EXTRACTED DATA>
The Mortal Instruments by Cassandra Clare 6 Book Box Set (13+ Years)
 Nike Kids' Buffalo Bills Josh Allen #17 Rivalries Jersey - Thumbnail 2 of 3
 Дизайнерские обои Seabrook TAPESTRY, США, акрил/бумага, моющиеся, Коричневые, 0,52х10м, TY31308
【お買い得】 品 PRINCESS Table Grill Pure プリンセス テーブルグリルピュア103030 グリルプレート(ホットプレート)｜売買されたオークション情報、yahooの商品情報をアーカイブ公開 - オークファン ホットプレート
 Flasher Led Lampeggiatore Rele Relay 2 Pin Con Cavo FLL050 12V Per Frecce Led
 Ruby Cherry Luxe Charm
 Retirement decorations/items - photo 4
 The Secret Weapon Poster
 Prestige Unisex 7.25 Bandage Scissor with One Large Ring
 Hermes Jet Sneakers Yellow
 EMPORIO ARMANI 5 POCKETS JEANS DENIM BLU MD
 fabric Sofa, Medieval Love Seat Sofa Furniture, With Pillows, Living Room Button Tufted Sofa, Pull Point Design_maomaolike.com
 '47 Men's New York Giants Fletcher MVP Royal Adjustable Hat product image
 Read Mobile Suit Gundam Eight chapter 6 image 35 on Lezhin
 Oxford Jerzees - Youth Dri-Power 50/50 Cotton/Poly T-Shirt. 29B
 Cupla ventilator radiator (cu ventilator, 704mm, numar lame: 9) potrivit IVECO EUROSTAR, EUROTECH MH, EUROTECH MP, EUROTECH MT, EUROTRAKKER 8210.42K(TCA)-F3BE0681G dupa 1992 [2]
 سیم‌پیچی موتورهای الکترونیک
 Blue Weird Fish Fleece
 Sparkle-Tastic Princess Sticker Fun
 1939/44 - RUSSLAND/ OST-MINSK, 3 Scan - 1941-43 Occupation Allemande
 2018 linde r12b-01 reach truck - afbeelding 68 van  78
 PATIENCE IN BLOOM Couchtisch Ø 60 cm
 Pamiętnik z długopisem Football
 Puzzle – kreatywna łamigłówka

AIM OF THE EXERCISE>
What you return must match the entries exactly, word for word.

RESPONSE BELOW>
The Mortal Instruments by Cassandra Clare 6 Book Box Set (13+ Years)
 Nike Kids' Buffalo Bills Josh Allen #17 Rivalries Jersey - Thumbnail 2 of 3
 Дизайнерские обои Seabrook TAPESTRY, США, акрил/бумага, моющиеся, Коричневые, 0,52х10м, TY31308
【お買い得】 品 PRINCESS Table Grill Pure プリンセス テーブルグリルピュア103030 グリルプレート(ホットプレート)｜売買されたオークション情報、yahooの商品情報をアーカイブ公開 - オークファン ホットプレート
 Flasher Led Lampeggiatore Rele Relay 2 Pin Con Cavo FLL050 12V Per Frecce Led
 Ruby Cherry Luxe Charm
 Retirement decorations/items - photo 4
 The Secret Weapon Poster
 Prestige Unisex 7.25 Bandage Scissor with One Large Ring
 Hermes Jet Sneakers Yellow
 EMPORIO ARMANI 5 POCKETS JEANS DENIM BLU MD
 fabric Sofa, Medieval Love Seat Sofa Furniture, With Pillows, Living Room Button Tufted Sofa, Pull Point Design_maomaolike.com
 '47 Men's New York Giants Fletcher MVP Royal Adjustable Hat product image
 Read Mobile Suit Gundam Eight chapter 6 image 35 on Lezhin
 Oxford Jerzees - Youth Dri-Power 50/50 Cotton/Poly T-Shirt. 29B
 Cupla ventilator radiator (cu ventilator, 704mm, numar lame: 9) potrivit IVECO EUROSTAR, EUROTECH MH, EUROTECH MP, EUROTECH MT, EUROTRAKKER 8210.42K(TCA)-F3BE0681G dupa 1992 [2]
 سیم‌پیچی موتورهای الکترونیک
 Blue Weird Fish Fleece
 Sparkle-Tastic Princess Sticker Fun
 1939/44 - RUSSLAND/ OST-MINSK, 3 Scan - 1941-43 Occupation Allemande
 2018 linde r12b-01 reach truck - afbeelding 68 van  78
 PATIENCE IN BLOOM Couchtisch Ø 60 cm
 Pamiętnik z długopisem Football
 Puzzle – kreatywna łamigłówka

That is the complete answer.